Pourtant Ciaran n’est pas un monstre comme je l’ai lu. Très forte avec son centre à 955 hPa, mais pas autant qu’en 1999 ou que précédemment, comme le montre cette liste des tempêtes. Il manque parfois des relevés précis mais le passé ne fut pas avare de grosses ou très grosses tempêtes. Celle de février 1935 a produit des vents à 200 kmh (valeur non vérifiée). Celle de 1900 a vu des rafales à plus de 150 kmh.

Et lors de celle de 1859 les 12 Beaufort ont été atteints, soit le maximum de l’échelle.

Enfin selon le Giec, cité ici par le quotidien Sud-Ouest qui relaie les propos d’un chercheur:

« Le rapport n’établit pas de lien probant entre le réchauffement actuel et une quelconque variation du nombre et de l’intensité de ces tempêtes qui transitent à nos latitudes. Il n’infère pas non plus leur renforcement du réchauffement à venir. « Il n’y a pas de consensus établi sur cette question », confirme le Landais Christophe Cassou, l’un des auteurs principaux dudit rapport, chercheur CNRS au Cerfacs, à Toulouse. »

Le ministre français de la transition écologique M. Béchu, qui répète sa leçon en annonçant ders aggravations à venir, devrait se renseigner.
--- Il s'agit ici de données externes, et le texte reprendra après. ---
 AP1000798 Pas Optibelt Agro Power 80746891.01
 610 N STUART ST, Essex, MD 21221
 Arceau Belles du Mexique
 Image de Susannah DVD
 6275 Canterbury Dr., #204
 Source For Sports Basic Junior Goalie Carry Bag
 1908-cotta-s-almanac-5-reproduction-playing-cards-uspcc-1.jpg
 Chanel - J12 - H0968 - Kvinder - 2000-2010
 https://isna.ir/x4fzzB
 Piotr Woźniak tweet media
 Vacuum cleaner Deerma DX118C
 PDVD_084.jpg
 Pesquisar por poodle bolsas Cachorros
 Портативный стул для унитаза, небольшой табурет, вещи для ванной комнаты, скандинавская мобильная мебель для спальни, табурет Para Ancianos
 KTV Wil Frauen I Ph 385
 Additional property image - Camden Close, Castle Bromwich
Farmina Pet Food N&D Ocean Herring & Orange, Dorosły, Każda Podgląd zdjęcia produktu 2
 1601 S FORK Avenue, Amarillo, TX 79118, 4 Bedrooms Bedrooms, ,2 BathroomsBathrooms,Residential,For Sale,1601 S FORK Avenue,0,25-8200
Alors, Ciaran est-elle la tempête du siècle? L’annoncer fait du buzz. Mais nous sommes en 2023. Il y en aura d’autres. Il faut donc attendre 77 ans pour le savoir. En attendant d’autres coups de vents sont prévus pour les prochains jour (image 2). C’est un bon courant d’ouest, porteur de précieuses pluies et d’un grand brassage tous azimuts de l’atmosphère.

 

De bas en haut s'envolaient de grandes guêpes isocèles. La jolie aurore du soir me précédait, les yeux au ciel de mes yeux sans se retourner. Ainsi les navires se couchent dans la tempête d'argent.

André Breton.

 

 

 

 

 

 

Catégories : Environnement-Climat, Météo 1 commentaire

Commentaires

  • Bilan de cette tempête : peu de victimes mais beaucoup de dégâts matériels, de chutes d'arbres en particulier. On l'explique par la perte tardive du feuillage offrant une résistance au vent, et l'humidité des sols gorgés d'eau. Mais où est le réchauffement climatique, toujours mis en accusation par une certaine presse ? En tout cas, l'Homme s'adapte à ces violences météorologiques qui, finalement, font partie de notre environnement naturel.